People talk about any increase in the value of their homes as if it were profit. But unless you have died or are otherwise leaving the property market, it isn't: you will usually be paying a similar %age increase in the price of your next home. And since most people (prior to retirement) move up the housing ladder, translated into dollars, that percentage increase often more than wipes out any nominal "profit".
The reality is that house purchase sets most people on the credit treadmill more surely that anything else in their lives. Particularly when people see prices rising and are tempted to take the maximum loan they can afford, they can end up with nothing if anything goes wrong. Many suffer less dramatically, but are forced to use other, more expensive forms of credit, to get by.
In
Long-Term Perspectives on the Current Boom in Home Prices Robert Shiller of Yale University points out that US house prices -
in real terms - were almost unchanged between 1900 and 2000. From that perspective it is almost impossible to see the astonishing leap in prices since 2000 (which seems to have blinded people to that longer term reality), as anything other than a bubble waiting to burst in a very big way.

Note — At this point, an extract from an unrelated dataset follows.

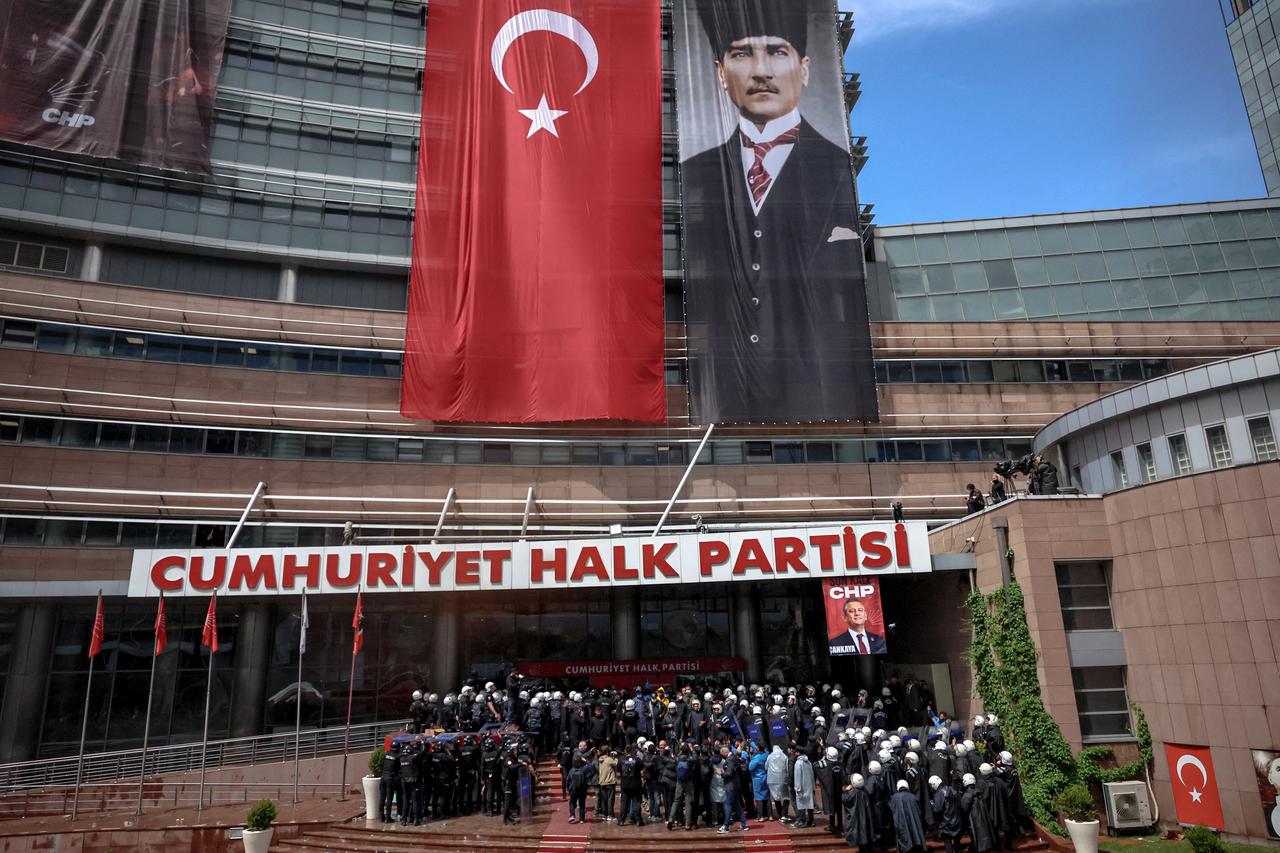 A banner of founder of the Turkish Republic Mustafa Kemal Ataturk and Turkish national flag hang on the buliding's facade as Turkish riot police attempt to enter the Republican People's Party (CHP) headquarters in Ankara, Türkiye on May 24, 2026. (AFP Photo)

Owning a home is not only about its investment value (or otherwise). You can, for example, personalize a home you are buying in ways which you may not be allowed to do if you live in a rented home. But there are also practical downsides, such as once you "own" a home, you will likely be less willing to pursue opportunities if they involve a move.
As
this article in the Denver Post a couple of days ago suggests, home ownership is becoming a nightmare for many people. "Fed officials heard stories from Denver, Cleveland, Philadelphia and New York, where neighborhoods are deteriorating as borrowers struggle to pay loans or abandon their homes in foreclosure". "Some 1.2 million foreclosures were reported nationwide last year, up 42 percent from 2005, according to Irvine, Calif.-based RealtyTrac".